Ella Aben, an undeclared first-year student, heard about the Tea app while at dinner with friends. While Aben agreed that there should be a platform that protects women from abuse, she noted that she had mostly seen users “criticizing appearances” on the app.
“I think my initial thought was, ‘Wow, imagine if men had an app for girls like this,’ and how bad our reaction would be to that,” Aben said. “It’s not being used the way it was intended to be used, and the way it is being used is dehumanizing and degrading.”
In late July, Tea rose to the top of the Apple App Store’s lifestyle category, securing over a million users in just a week. Days later, a hack exposed 131,000 images and users’ personal data — but the Tea app wasn’t removed from the App Store until late October due to not meeting user privacy standards.
The Tea app’s structure allowed reviewers to remain anonymous, while the men being reviewed theoretically couldn’t access the app to see their reviews.
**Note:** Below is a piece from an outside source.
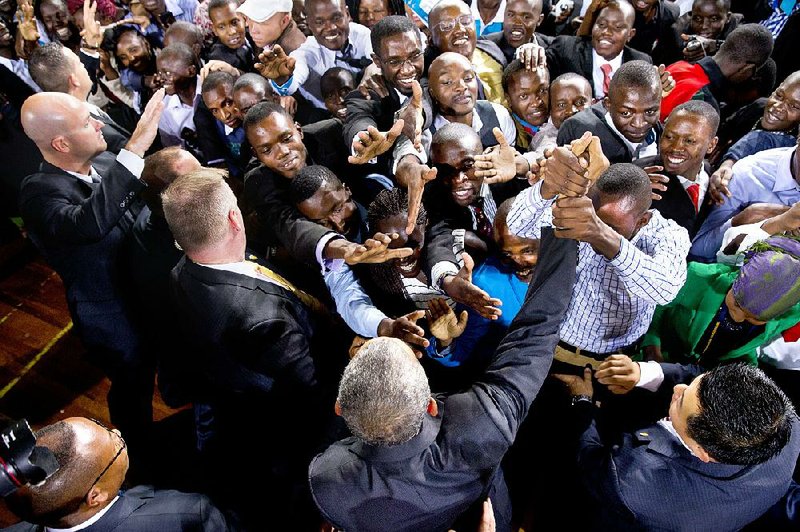 President Barack Obama (bottom) greets Kenyans after delivering a speech at the Safaricom Indoor Arena in Nairobi on Sunday.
Balla said users have to consider the comments with skepticism since there is no moderation.
“You’re basically able to hide behind a screen with no repercussions,” Balla said. “You can twist the story any way you want, and because you’re anonymous, no one can call you out if you’re lying.”
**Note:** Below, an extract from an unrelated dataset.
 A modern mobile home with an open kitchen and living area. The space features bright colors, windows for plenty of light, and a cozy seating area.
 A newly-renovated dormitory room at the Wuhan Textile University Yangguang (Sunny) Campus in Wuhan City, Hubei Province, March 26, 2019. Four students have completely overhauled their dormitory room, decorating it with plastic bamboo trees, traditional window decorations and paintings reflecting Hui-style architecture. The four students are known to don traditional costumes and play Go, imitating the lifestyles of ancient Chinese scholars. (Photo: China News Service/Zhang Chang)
The comments on a post about Balla contained false information, and he had no way to respond or correct them.
“I found out that somebody commented that I had a girlfriend,” Balla said. “I don’t.”
One of Collagin’s main concerns about anonymous platforms like Tea is that false claims can still leave a mark, even after they’ve been refuted.
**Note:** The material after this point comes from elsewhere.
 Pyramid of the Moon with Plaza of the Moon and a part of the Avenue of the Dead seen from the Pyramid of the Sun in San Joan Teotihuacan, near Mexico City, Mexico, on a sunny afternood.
“With this assumption of ‘everyone is guilty until proven innocent,’ the issue is that the damage has already been done,” Collagin said. “Even if people find out, ‘Oh, that didn’t actually happen,’ their perception has already changed.”
While students still need a community to discuss safety, Colligan emphasized that it’s important to find a more “direct, personal and secure communication system,” rather than relying on anonymous reviews.
Even still, the desire to fill an “information gap” often drives people to seek out and share unverified claims, Collagin said.
“You have this awareness of ‘I can find anything I want about anyone online.’ Then, if you can’t find something, you’re immediately suspicious,” Collagin said. “I think that, honestly, entitlement to people’s private lives is what we’re kind of seeing play out. Is that our information to know?”